Cristiano Michael Fitzgerald (born 10 November 2003) is a footballer who plays as a winger at Xavier University in the United States. Born in Singapore, he represents the Republic of Ireland at youth international level.

==Early life==
Born in Singapore to an Irish father from Limerick and a French mother, Fitzgerald was named after then-Manchester United player Cristiano Ronaldo. His father had been watching the 2003–04 Premier League season opener against Bolton Wanderers, in which Ronaldo made his debut, and decided upon the name for his son. He moved to London shortly after his first birthday, before spending seven years in San Diego, California.

==Club career==
===Early career in Portugal===
He returned to Singapore, joining a local football team who would routinely tour Europe, playing in Spain, Sweden and Portugal. His family moved again in 2017, this time to Porto, Portugal, and shortly after, he joined the academy of Boavista. He also spent some time back in the United States due to his father's work, playing for the De Anza Force.

He returned to Boavista in 2020, and a year later, he was clocked as one of the fastest players in world football. He went on trial with Scottish club Dundee United in July 2022, but this amounted to nothing. In September 2022, he was promoted to Boavista's first team, and made his unofficial debut for the club in a friendly match against French side Bordeaux on 16 December 2022.

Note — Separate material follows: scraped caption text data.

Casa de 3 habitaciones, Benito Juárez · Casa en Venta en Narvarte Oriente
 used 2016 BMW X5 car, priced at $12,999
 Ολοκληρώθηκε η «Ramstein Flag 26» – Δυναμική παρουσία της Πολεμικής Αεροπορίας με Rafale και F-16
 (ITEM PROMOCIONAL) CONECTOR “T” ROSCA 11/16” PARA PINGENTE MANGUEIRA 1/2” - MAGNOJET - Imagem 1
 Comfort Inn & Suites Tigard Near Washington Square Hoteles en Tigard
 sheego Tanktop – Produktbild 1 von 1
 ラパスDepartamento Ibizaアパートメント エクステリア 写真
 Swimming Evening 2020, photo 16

On 30 January 2024, Fitzgerald left Boavista, without ever making his official debut, and joined fellow Primeira Liga club Estrela da Amadora.

===Collegiate soccer===
After half a year with Estrela da Amadora, Fitzgerald moved to the United States, enrolling at the University of Maryland. After seven appearances for the University of Maryland, Fitzgerald transferred to Xavier University, where he featured for the Xavier Musketeers soccer team.

==International career==
Fitzgerald is eligible to represent the Republic of Ireland and France through his parents, Singapore through birth, and Portugal, having lived there since 2017. He has expressed his desire to represent the Republic of Ireland. In 2021, he made his first appearance for the Republic of Ireland at under-19 level.

==Personal life==
Fitzgerald's father, Jimmy, was a youth hurling player for the Limerick county hurling team in Ireland. His brother Julian is also a footballer, and currently plays alongside Fitzgerald at Xavier University.